DATA TO USE:

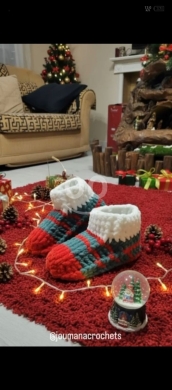 Clothes, Footwear & Accessories in Halate - جوارب كروشيه صوفية مصنوعة يدوياً لراحة ودفء فائقين | Premium Handmade Crochet Woolen Socks for Ultim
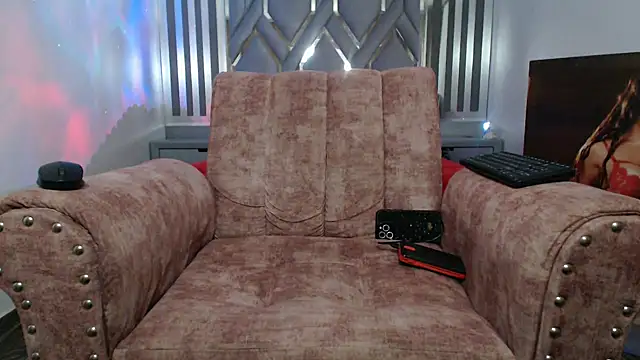 beautifulunna  online show from 02-15-25, 03:31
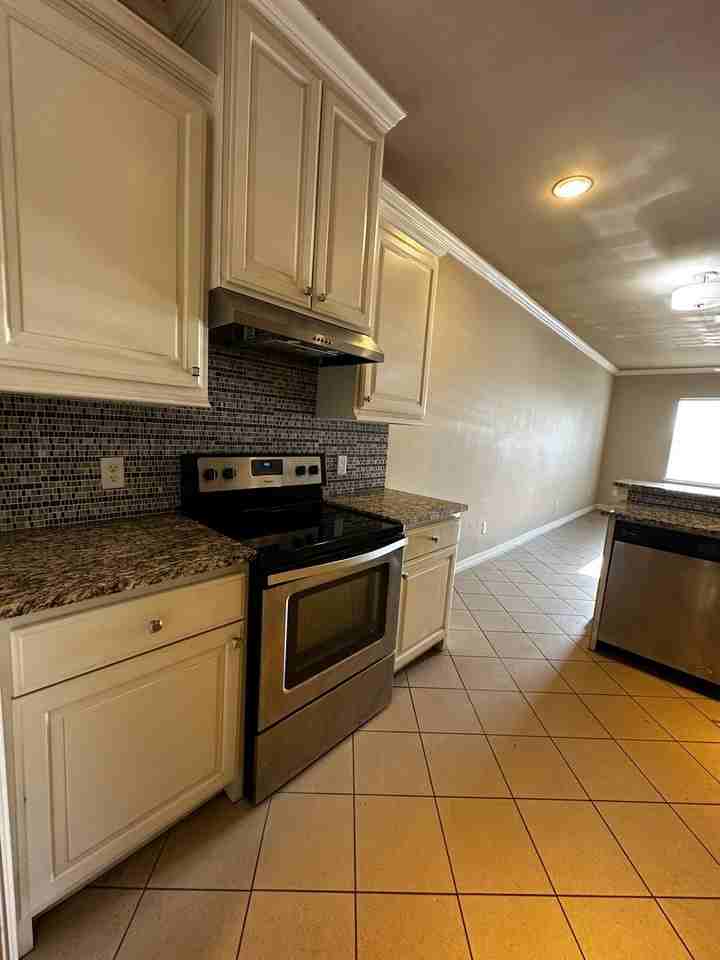 225 S Fenton Ave - Photo 3 of 14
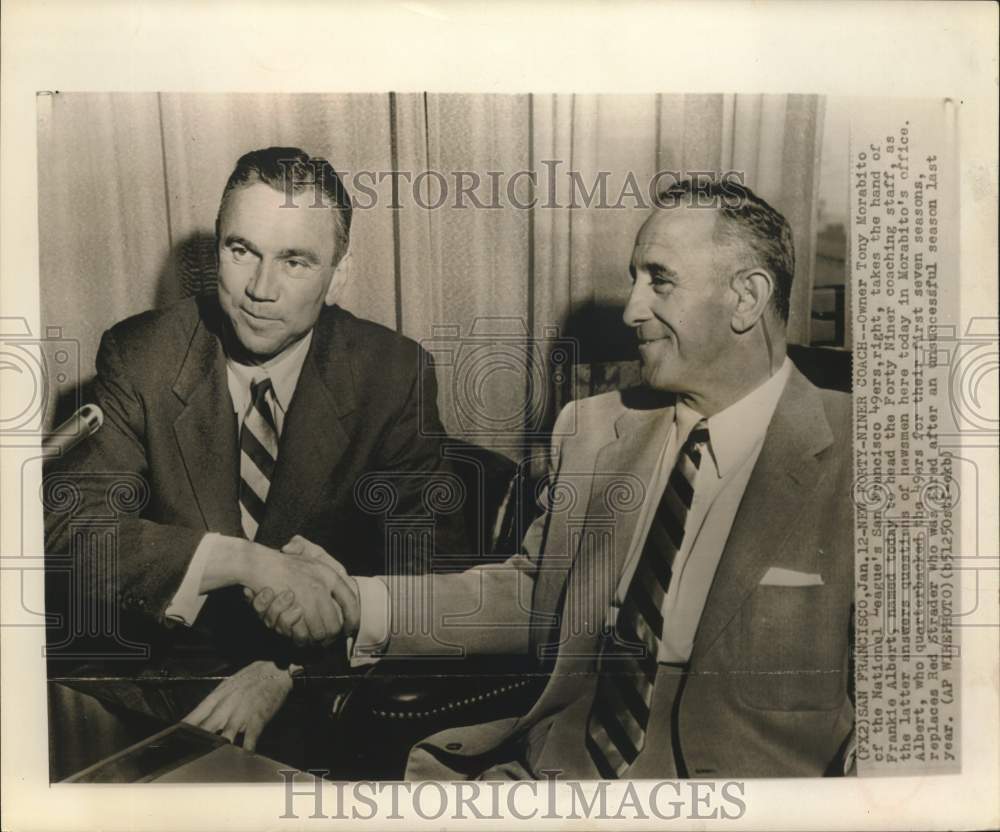 1956 Press Photo 49ers Tony Morabito and Frankie Albert greet in San Francisco. - Historic Images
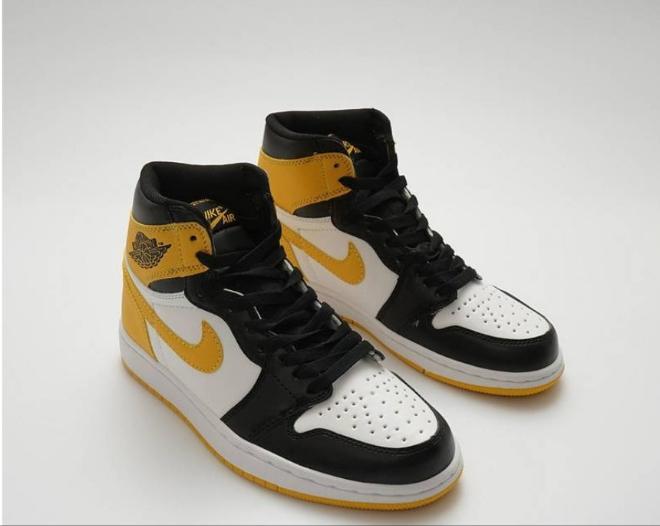 Les baskets Air Jordan 1 offrent un style iconique et une performance légendaire.
leur design emblématique .pas cher. Le moins cher.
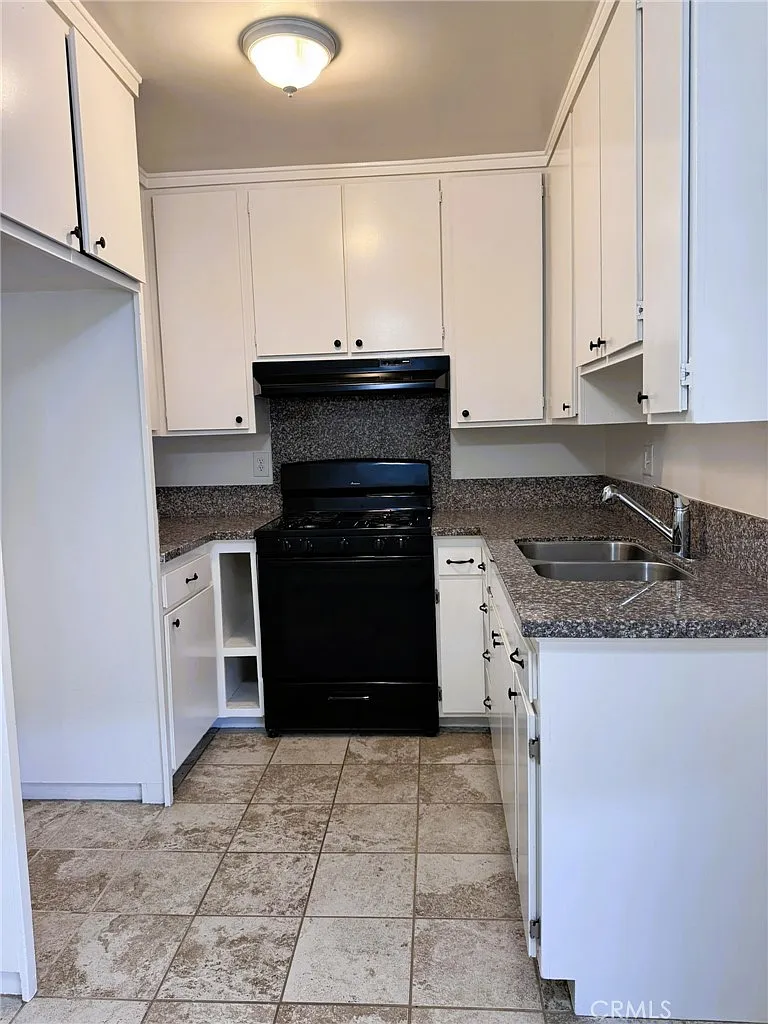 2 bed, 840 sqft, $2,375 — Photo 4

TASK REQUIREMENTS: Extract only the lines from the one that contains "1956 Press Photo" through the end of the records, inclusive, and omit every picture.

RESPONSE TO THE TASK:
 1956 Press Photo 49ers Tony Morabito and Frankie Albert greet in San Francisco. - Historic Images
 Les baskets Air Jordan 1 offrent un style iconique et une performance légendaire.
leur design emblématique .pas cher. Le moins cher.
 2 bed, 840 sqft, $2,375 — Photo 4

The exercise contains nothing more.